Segment Start: Source data
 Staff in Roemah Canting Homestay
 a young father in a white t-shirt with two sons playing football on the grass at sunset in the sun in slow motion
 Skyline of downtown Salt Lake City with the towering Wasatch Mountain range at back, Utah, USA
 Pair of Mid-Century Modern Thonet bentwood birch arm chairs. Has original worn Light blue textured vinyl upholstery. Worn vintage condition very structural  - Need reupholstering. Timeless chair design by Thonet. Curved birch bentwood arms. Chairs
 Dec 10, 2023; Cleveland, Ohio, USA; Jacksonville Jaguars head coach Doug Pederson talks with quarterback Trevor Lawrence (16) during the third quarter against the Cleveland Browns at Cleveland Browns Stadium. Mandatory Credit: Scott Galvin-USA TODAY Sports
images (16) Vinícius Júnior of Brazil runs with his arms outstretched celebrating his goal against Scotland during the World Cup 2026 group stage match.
Segment End: Source data
Segment Start: Source data
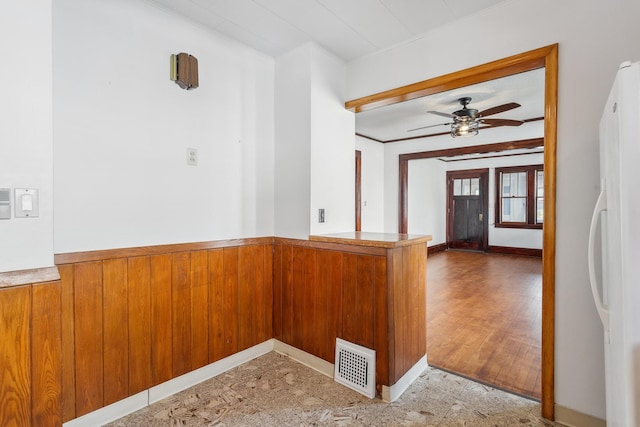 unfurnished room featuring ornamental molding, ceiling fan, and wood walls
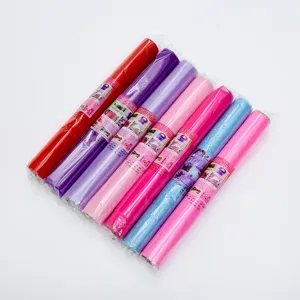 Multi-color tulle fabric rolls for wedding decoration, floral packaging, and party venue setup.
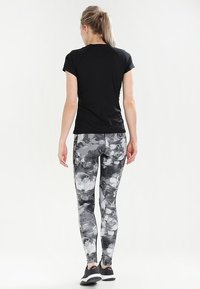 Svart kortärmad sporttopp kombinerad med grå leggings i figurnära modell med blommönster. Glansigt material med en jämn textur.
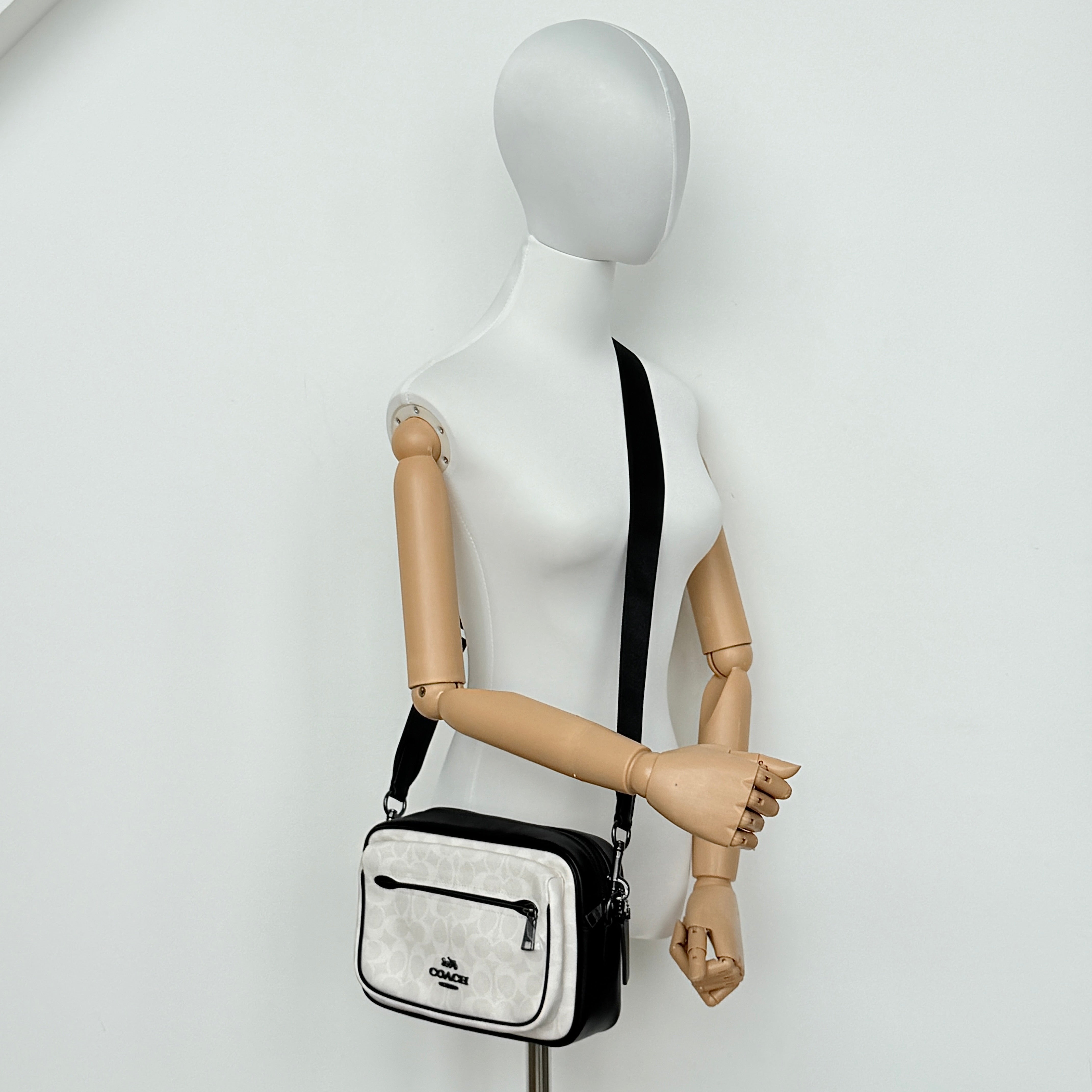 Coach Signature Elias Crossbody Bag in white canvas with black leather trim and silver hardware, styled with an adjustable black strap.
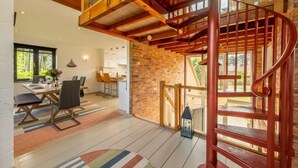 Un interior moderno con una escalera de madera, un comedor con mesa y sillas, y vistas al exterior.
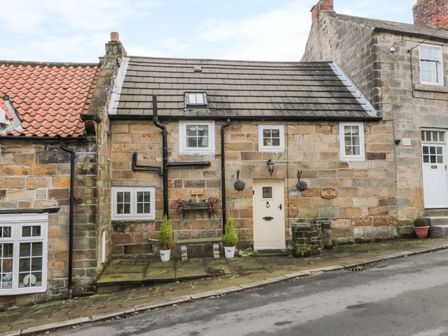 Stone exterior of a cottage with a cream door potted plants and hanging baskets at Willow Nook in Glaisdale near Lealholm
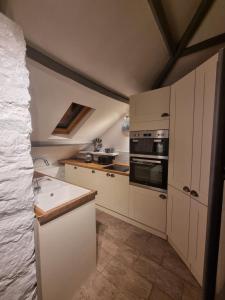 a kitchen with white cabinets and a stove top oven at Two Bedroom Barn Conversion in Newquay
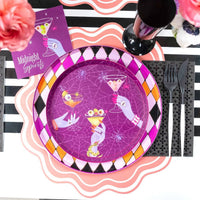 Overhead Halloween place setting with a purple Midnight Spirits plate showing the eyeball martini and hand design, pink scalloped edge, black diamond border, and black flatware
Segment End: Source data
## Assignment
Would you please copy exactly the part of the entries above that begins at the line containing "Staff in Roemah Canting Homestay" and ends at the line containing "images (16) Vinícius", both lines included?

## Response for this exercise
 Staff in Roemah Canting Homestay
 a young father in a white t-shirt with two sons playing football on the grass at sunset in the sun in slow motion
 Skyline of downtown Salt Lake City with the towering Wasatch Mountain range at back, Utah, USA
 Pair of Mid-Century Modern Thonet bentwood birch arm chairs. Has original worn Light blue textured vinyl upholstery. Worn vintage condition very structural  - Need reupholstering. Timeless chair design by Thonet. Curved birch bentwood arms. Chairs
 Dec 10, 2023; Cleveland, Ohio, USA; Jacksonville Jaguars head coach Doug Pederson talks with quarterback Trevor Lawrence (16) during the third quarter against the Cleveland Browns at Cleveland Browns Stadium. Mandatory Credit: Scott Galvin-USA TODAY Sports
images (16) Vinícius Júnior of Brazil runs with his arms outstretched celebrating his goal against Scotland during the World Cup 2026 group stage match.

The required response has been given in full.